My life has been full of many mixed blessings and emotions lately. It's been very bitter sweet. Not the kind of bitter sweet you make a wreath from. The kind that sinks into your soul. As a mom and a wife and choir director, I struggle to balance the needs of all the people who depend on me. I don't have any illusions that I'm special in this way. I know that most women struggle with this balance regardless of their choices for how to spend their time. But lately my students have been putting me through the ringer. I've had three high school students with severe respect issues since school started back again. I've had to discipline them several times, and instead of supportive parents taking issue with their children's behavior, I am now in the position of having to defend myself to a click of nasty, mean teenagers and their families. I've been doing my best not to let this stress seep into my time at home, but the reality is, I'm just not wired that way. I internalize everything. I lose sleep over trying my case in the court of my imagination. The past few days I've actually met with these students and their parents, and instead of resolving the issues like mature adults things have deteriorated further.

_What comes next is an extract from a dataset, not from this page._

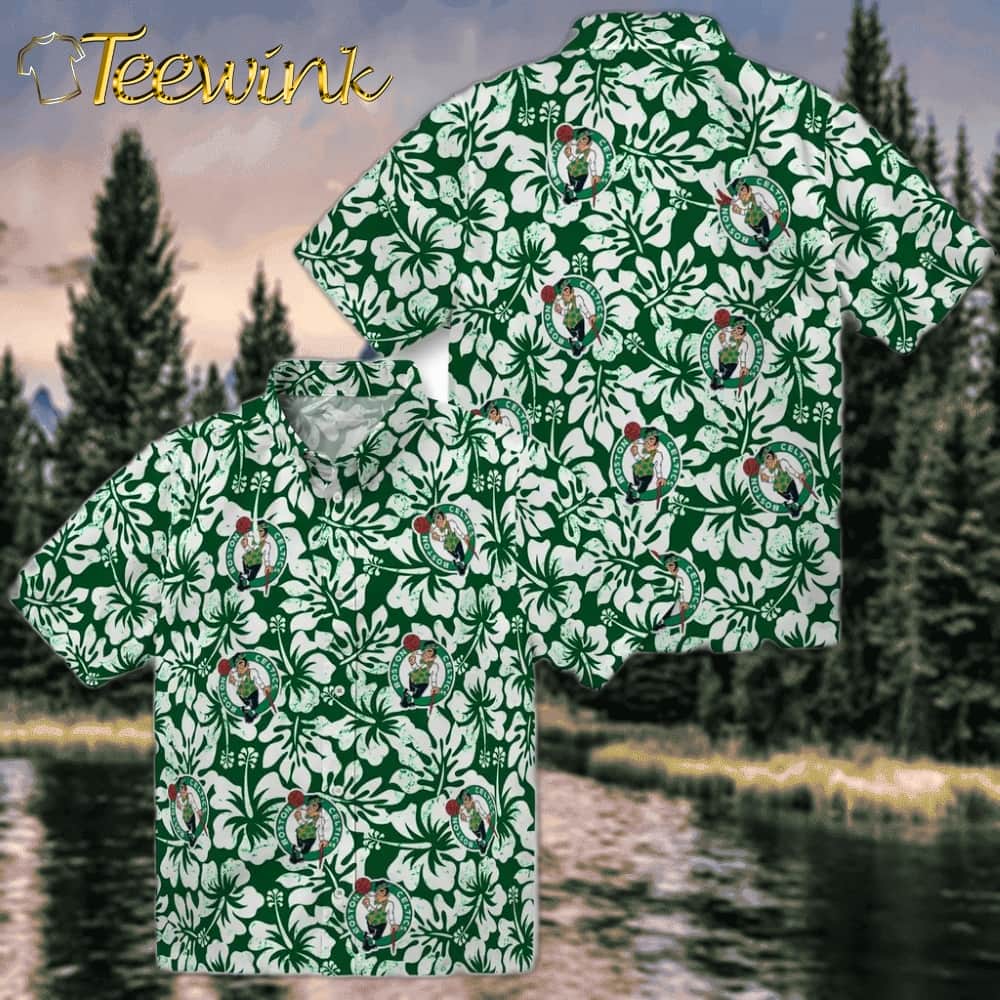 Hibiscus Motif Boston Celtics Hawaiian Shirt image 3 Hibiscus Motif Boston Celtics Hawaiian Shirt image 3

Last night I had my fall concert. I was soooo nervous that the kids would fall apart on me. We've worked incredibly hard this quarter, and I love the music they are performing. I knew they would be proud of their performance if I could just keep them and myself focused, and I have to say that it was the best performance we have had yet. My choirs were awesome. Every single choir did their best. Even my non audition general choir was shining brightly. It was sweet success. Tempered by the fact that I knew I had angry parents sitting in the audience glaring me down. I teach 90 students and I'm having a problem with 3. That's only .5% of my student population. How can they possible take up so much of my emotional energy??? I have to find a way to stop thinking about them and start thinking about the other 87 kids who make my out of the home work life so rewarding. They really are worth getting dressed for every day. I really do love this job and I love my students. But I have to find a way to sleep at night so that I can take care of the other people I love. Including myself.
Today I'm taking back my time!! (Did you know that it's take back your time day?...Thanks Holli for sharing.) I'm not giving the naysayers any more of my energy. I'm going to go to school and rejoice with the students who gave me everything they had last night. I'm going to take the time to savor the sweet and forget about the bitter.